Every line below is to be set down again exactly; any image stays out.
*** Opening of Recorded data ***
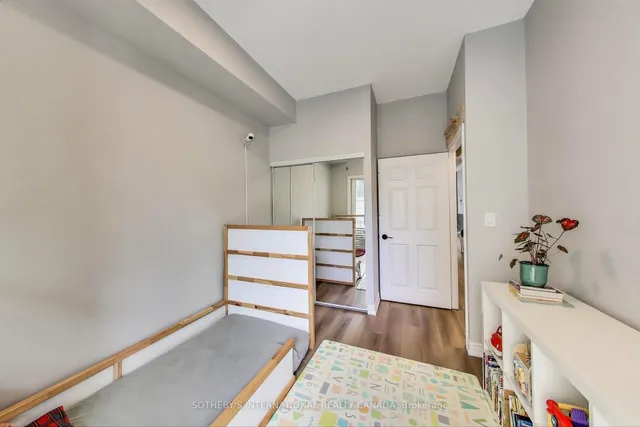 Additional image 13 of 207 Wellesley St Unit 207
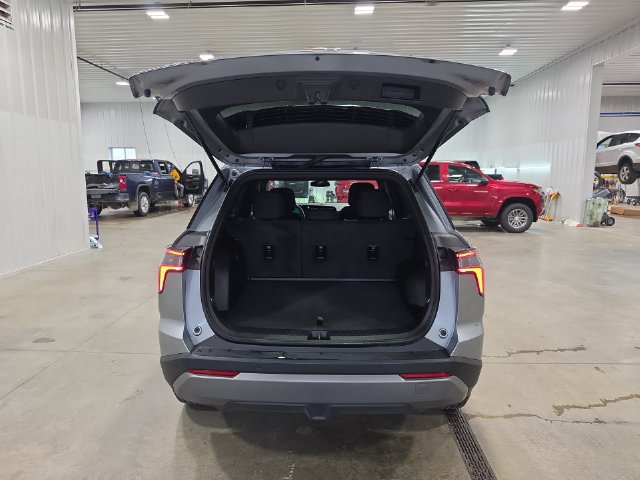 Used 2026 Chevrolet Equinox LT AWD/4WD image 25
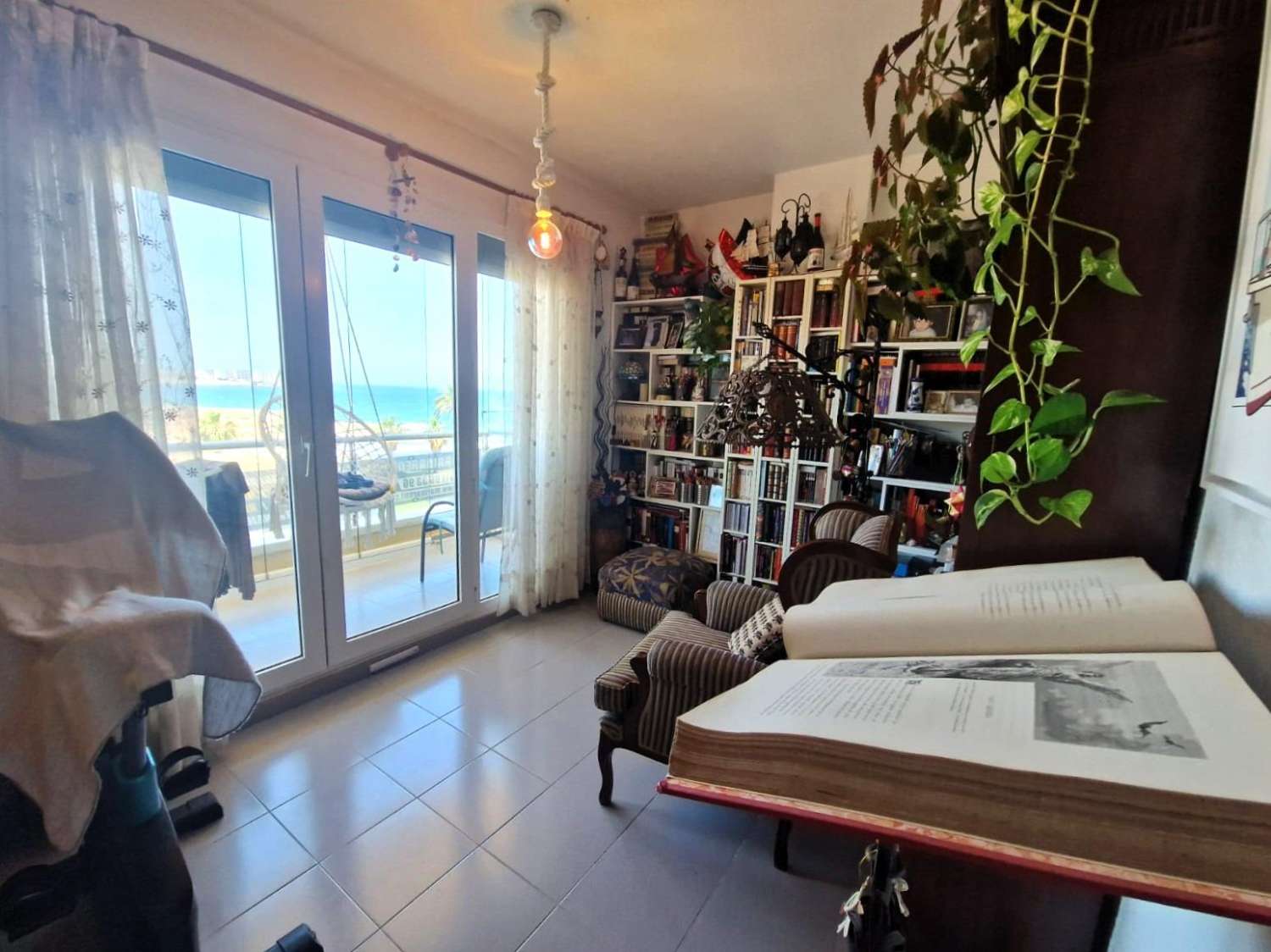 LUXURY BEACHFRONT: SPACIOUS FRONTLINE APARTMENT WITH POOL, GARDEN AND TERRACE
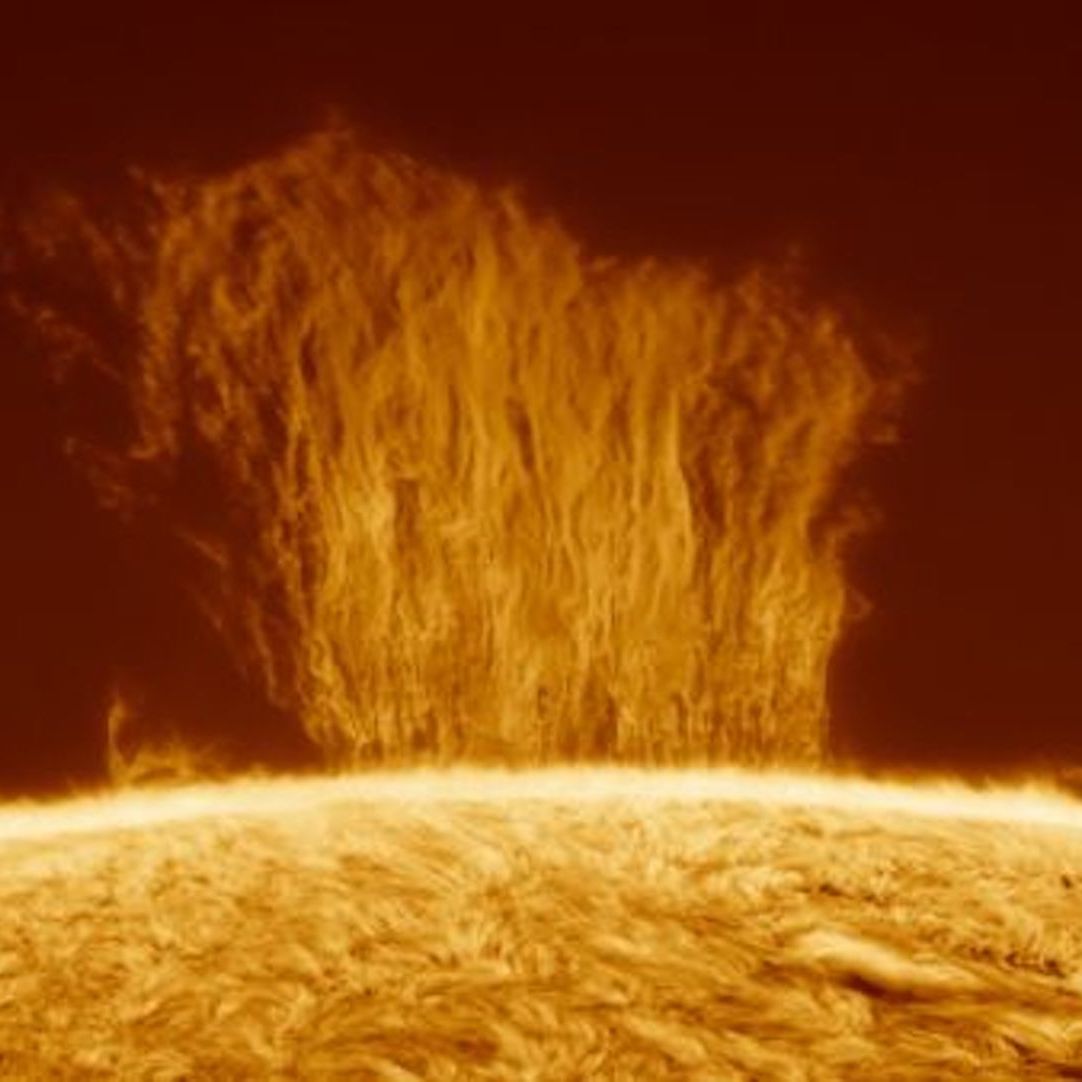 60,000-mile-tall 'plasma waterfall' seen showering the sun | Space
*** Close of Recorded data ***
Response area:
 Additional image 13 of 207 Wellesley St Unit 207
 Used 2026 Chevrolet Equinox LT AWD/4WD image 25
 LUXURY BEACHFRONT: SPACIOUS FRONTLINE APARTMENT WITH POOL, GARDEN AND TERRACE
 60,000-mile-tall 'plasma waterfall' seen showering the sun | Space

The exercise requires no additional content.